- How to complete this task
A faithful copy of the data is what is wanted, minus any pictures.

-- -- --

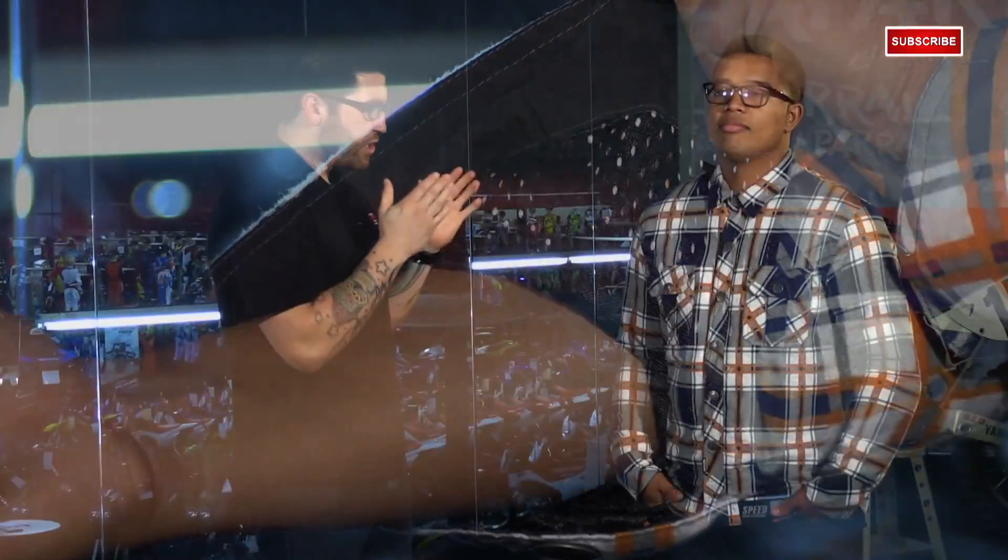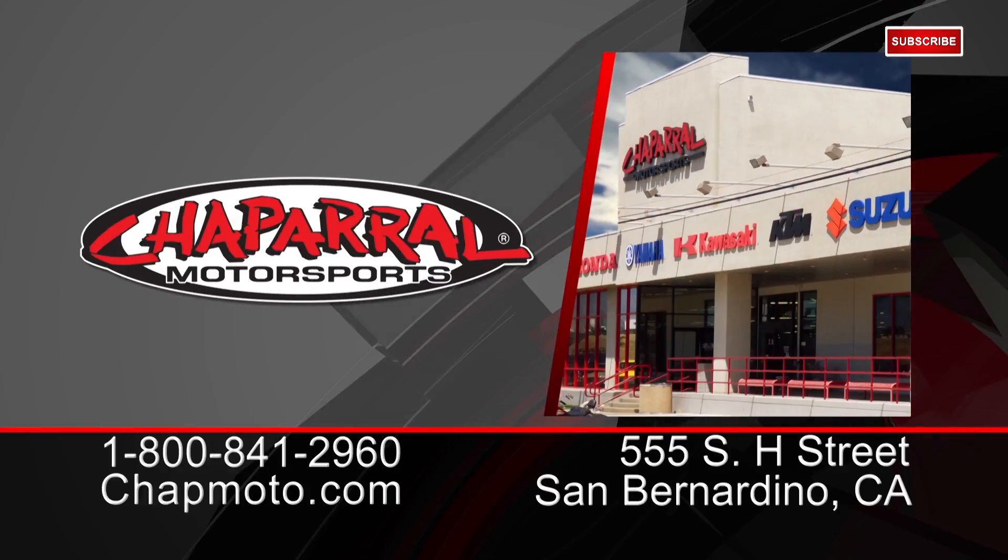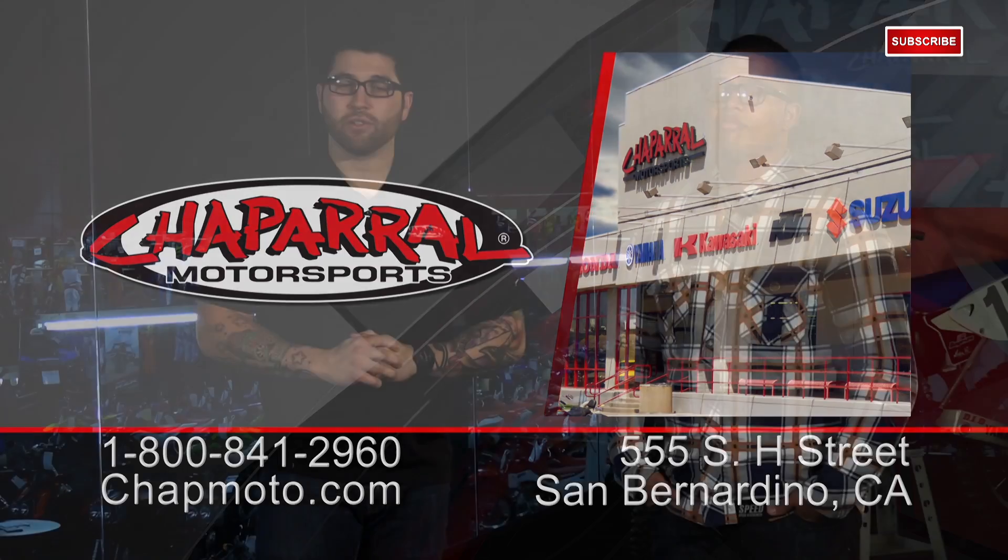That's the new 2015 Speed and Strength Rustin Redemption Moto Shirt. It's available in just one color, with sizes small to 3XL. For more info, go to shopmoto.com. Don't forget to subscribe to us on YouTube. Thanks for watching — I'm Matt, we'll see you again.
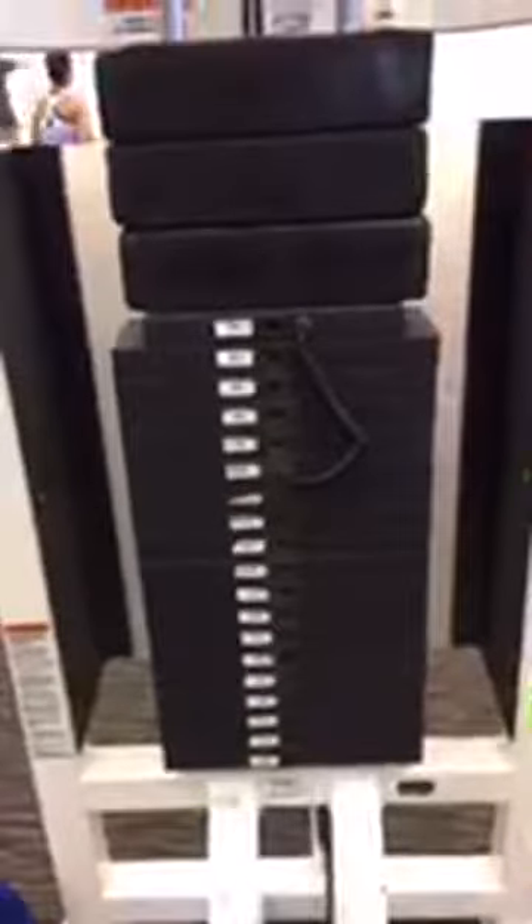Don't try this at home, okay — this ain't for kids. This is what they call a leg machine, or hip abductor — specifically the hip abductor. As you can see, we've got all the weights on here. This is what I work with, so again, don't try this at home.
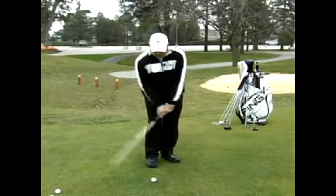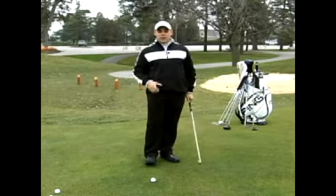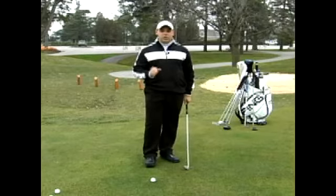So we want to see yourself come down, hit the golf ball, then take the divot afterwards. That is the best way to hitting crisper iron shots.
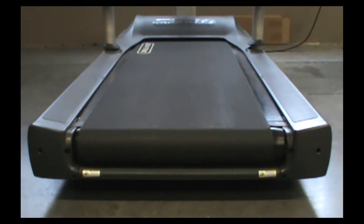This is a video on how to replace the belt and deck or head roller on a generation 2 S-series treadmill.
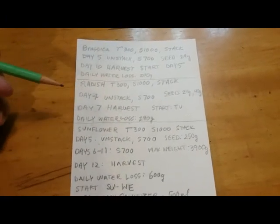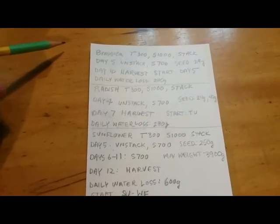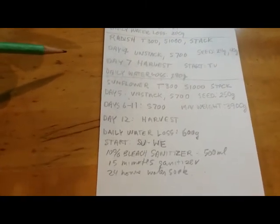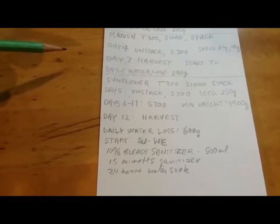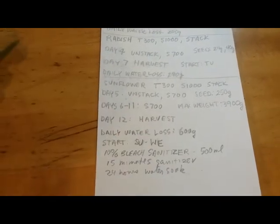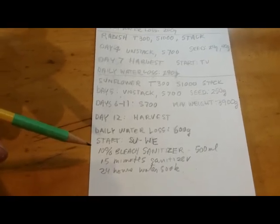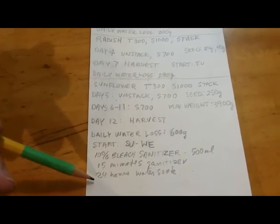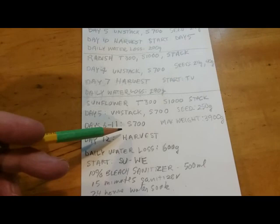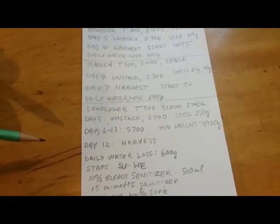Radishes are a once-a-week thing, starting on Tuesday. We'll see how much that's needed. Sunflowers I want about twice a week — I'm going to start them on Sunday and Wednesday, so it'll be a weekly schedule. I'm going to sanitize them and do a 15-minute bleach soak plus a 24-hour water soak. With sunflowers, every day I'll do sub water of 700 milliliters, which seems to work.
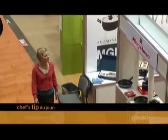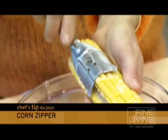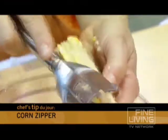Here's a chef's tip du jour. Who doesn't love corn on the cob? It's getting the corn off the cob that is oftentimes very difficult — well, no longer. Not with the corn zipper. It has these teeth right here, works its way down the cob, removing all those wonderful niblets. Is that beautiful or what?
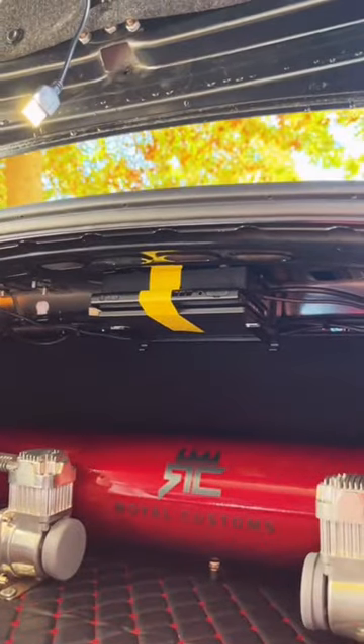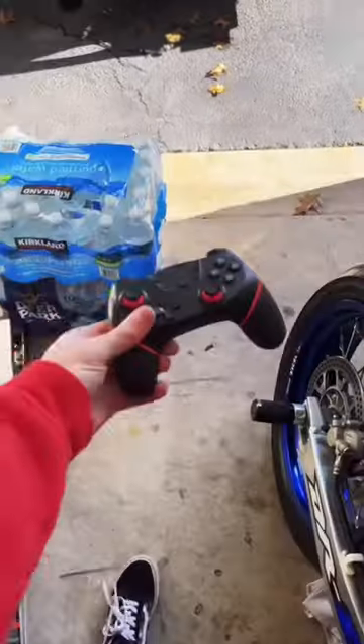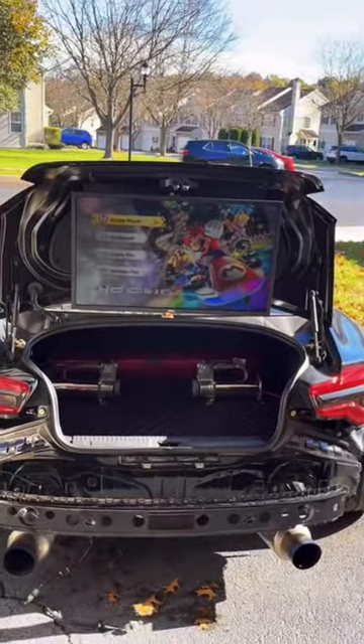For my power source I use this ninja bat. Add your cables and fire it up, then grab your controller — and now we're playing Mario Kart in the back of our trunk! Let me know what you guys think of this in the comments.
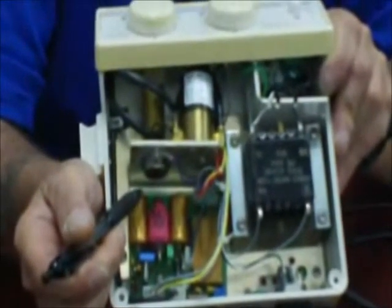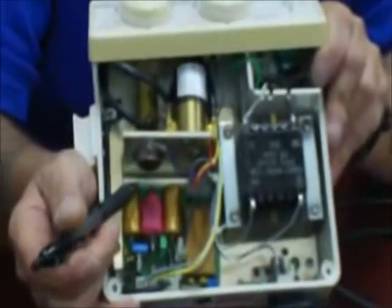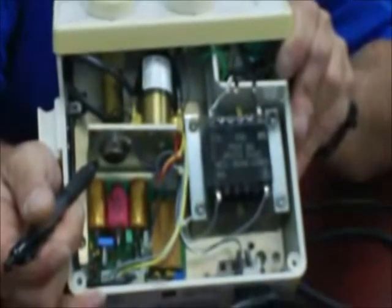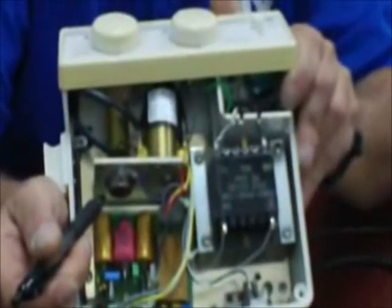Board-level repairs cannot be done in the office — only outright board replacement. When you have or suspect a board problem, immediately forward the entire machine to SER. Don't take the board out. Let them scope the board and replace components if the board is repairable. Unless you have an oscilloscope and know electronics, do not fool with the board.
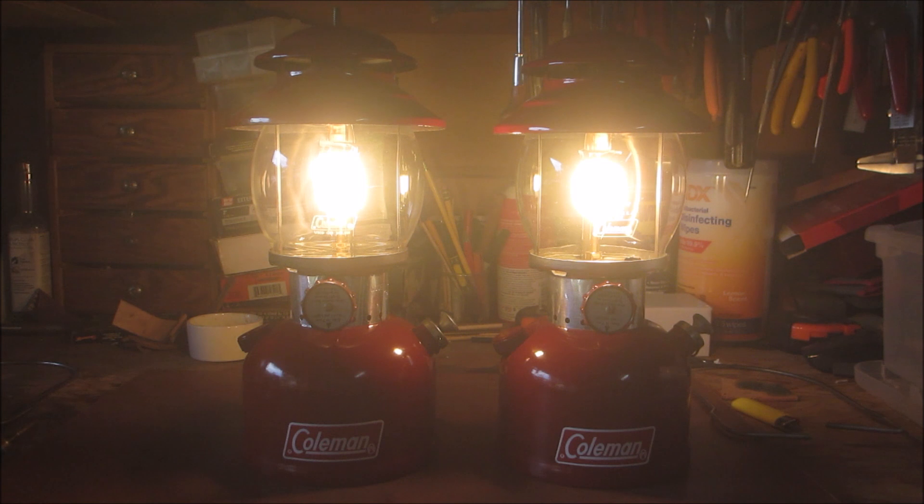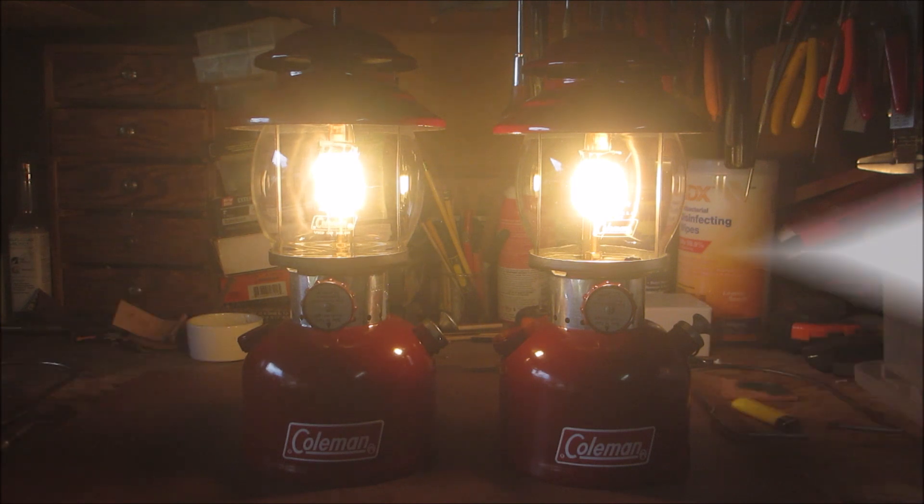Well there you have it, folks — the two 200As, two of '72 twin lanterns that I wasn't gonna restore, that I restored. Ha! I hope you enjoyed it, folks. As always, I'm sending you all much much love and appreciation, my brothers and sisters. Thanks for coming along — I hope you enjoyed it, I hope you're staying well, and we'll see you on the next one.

-- -- --

- Written response
That's the new 2015 Speed and Strength Rustin Redemption Moto Shirt. It's available in just one color, with sizes small to 3XL. For more info, go to shopmoto.com. Don't forget to subscribe to us on YouTube. Thanks for watching — I'm Matt, we'll see you again.
Don't try this at home, okay — this ain't for kids. This is what they call a leg machine, or hip abductor — specifically the hip abductor. As you can see, we've got all the weights on here. This is what I work with, so again, don't try this at home.
So we want to see yourself come down, hit the golf ball, then take the divot afterwards. That is the best way to hitting crisper iron shots.
This is a video on how to replace the belt and deck or head roller on a generation 2 S-series treadmill.
Radishes are a once-a-week thing, starting on Tuesday. We'll see how much that's needed. Sunflowers I want about twice a week — I'm going to start them on Sunday and Wednesday, so it'll be a weekly schedule. I'm going to sanitize them and do a 15-minute bleach soak plus a 24-hour water soak. With sunflowers, every day I'll do sub water of 700 milliliters, which seems to work.
Here's a chef's tip du jour. Who doesn't love corn on the cob? It's getting the corn off the cob that is oftentimes very difficult — well, no longer. Not with the corn zipper. It has these teeth right here, works its way down the cob, removing all those wonderful niblets. Is that beautiful or what?
For my power source I use this ninja bat. Add your cables and fire it up, then grab your controller — and now we're playing Mario Kart in the back of our trunk! Let me know what you guys think of this in the comments.
Board-level repairs cannot be done in the office — only outright board replacement. When you have or suspect a board problem, immediately forward the entire machine to SER. Don't take the board out. Let them scope the board and replace components if the board is repairable. Unless you have an oscilloscope and know electronics, do not fool with the board.
Well there you have it, folks — the two 200As, two of '72 twin lanterns that I wasn't gonna restore, that I restored. Ha! I hope you enjoyed it, folks. As always, I'm sending you all much much love and appreciation, my brothers and sisters. Thanks for coming along — I hope you enjoyed it, I hope you're staying well, and we'll see you on the next one.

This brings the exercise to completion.